Hopefully you can help me out with this.
-----Original Message-----
From: Max Jakob [mailto:[email protected]]
Sent: Thursday, September 20, 2012 1:54 PM
To: Pedro Debevere
Cc: [email protected]
Subject: Re: [Dbpedia-discussion] DBpedia Extraction Framework Dutch
disambiguation data set
On Thu, Sep 20, 2012 at 10:17 AM, Pedro Debevere <[email protected]>
wrote:
> Caused by: java.lang.IllegalArgumentException: Illegal pattern character 'X'
> at java.text.SimpleDateFormat.compile(SimpleDateFormat.java:769)
> at java.text.SimpleDateFormat.initialize(SimpleDateFormat.java:576)
> at java.text.SimpleDateFormat.<init>(SimpleDateFormat.java:501)

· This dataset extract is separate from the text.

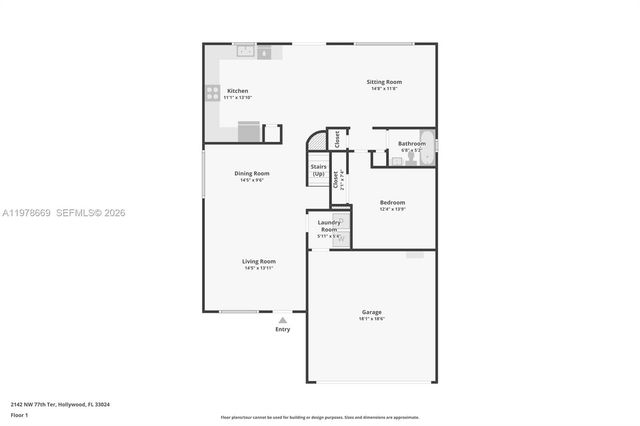 2142 NW 77th Ter, Pembroke Pines, FL 33024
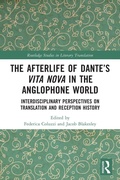 Cover: The Afterlife of Dante's Vita Nova in the Anglophone World - Routledge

> at java.text.SimpleDateFormat.<init>(SimpleDateFormat.java:476)
> at
> org.dbpedia.extraction.util.StringUtils$$anon$1.initialValue(StringUti
> ls.scala:16)
I think you might have to use Java 7 in order to allow 'X' in date format
strings. Compare:
http://docs.oracle.com/javase/6/docs/api/java/text/SimpleDateFormat.html
http://docs.oracle.com/javase/7/docs/api/java/text/SimpleDateFormat.html
For that, you'll need to change <java.compiler.version> in the main pom to 1.7
and have Java 7 on your machine.
> Can anyone provide me some more details about the TODO mentioned in [5]?
It seems that in the Dutch Wikipedia, the URLs of disambiguation pages are
suffixed with multiple different strings (and sometimes none as you mentioned).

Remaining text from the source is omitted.